Saturday, April 14, 2007

POSITION AVAIL. IMMED.: War Czar

Disclaimer: I hate it when time and circumstances don’t permit me to comment on current events in their immediate aftermath. All the professional smart-asses beat me to the best jokes.

That having been said…

“War Czar,” eh?

… Reeeeally?!

The Commander-in-Chief needs a Czar. A Czar, as it happens, of War. Somebody to make the, you know, important war decisions. A ‘Decider,’ if you will. Someone, someone with the kind of track record of asserting unilateral decision-making powers in the area of the defense of the homeland that is unassailable. That kinda mythic, swaggering, John Wayne type o’ fella.

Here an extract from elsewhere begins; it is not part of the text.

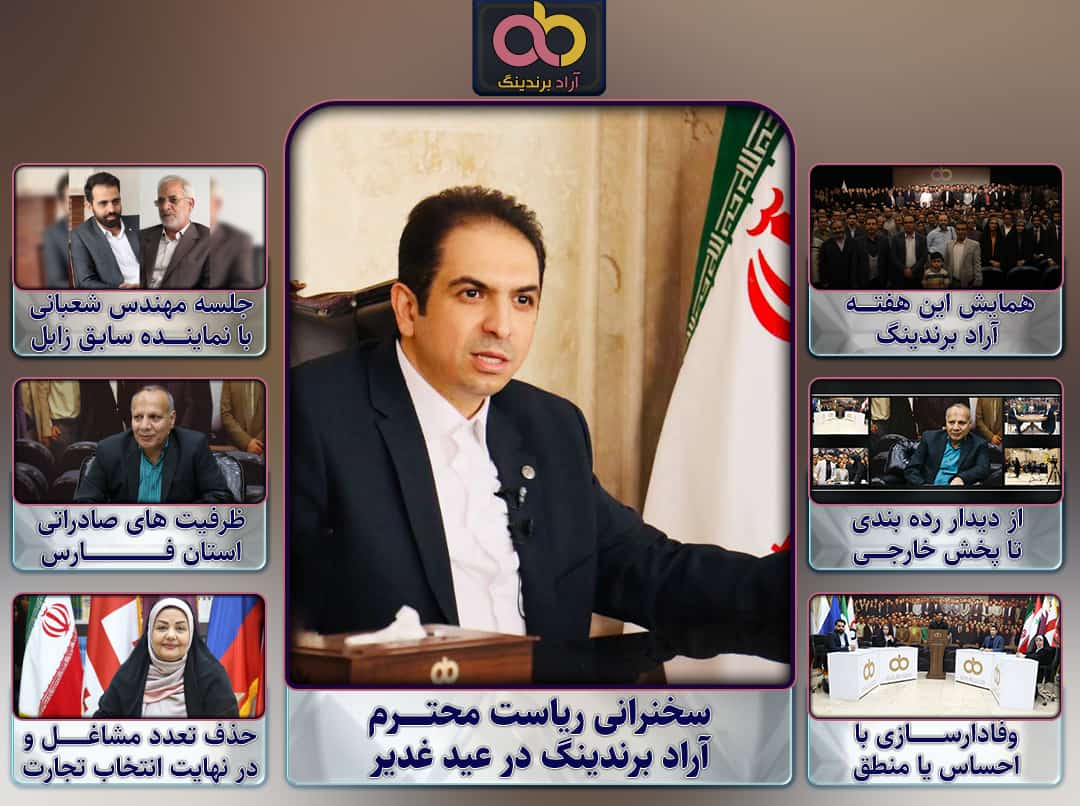 حضور آراد برندینگ در نمایشگاه‌های تجاری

I think you can see where I’m going.

For years now, Bush has been taking full, flagrant advantage of his Constitutionally-guaranteed power to make unchecked decisions regarding the prosecution of the wars in Iraq and Afghanistan. Now it turns out he wants to use that awesome Constitutionally-endowed power to… delegate that awesome Constitutionally-endowed power to someone else??

Jonny Stewart hit the nail on the head the other night. All the “power” any potential War Czar will actually wield will begin and end with the power to absorb ALL the blame for the Iraq/Afghanistan fucktastrophe, retroactive back to September 12, 2001.

Any job with a title containing the word “czar” in it should come with a “HIT ME!” sign for the middle of the new-hire’s forehead. We’ve had a Drug Czar for twenty-plus years, right? Ask little Johnny and Janey Tweener, strung out on whatever’s going around the middle school this week, how the government’s War On Drugs is working out. If it’s a proper government job, they make you a secretary of this, or the vice-president in charge of that; they don’t give you the title of doomed Russian aristocrisy. It would be like appointing someone “Fuhrer of Agriculture” after seven years of drought.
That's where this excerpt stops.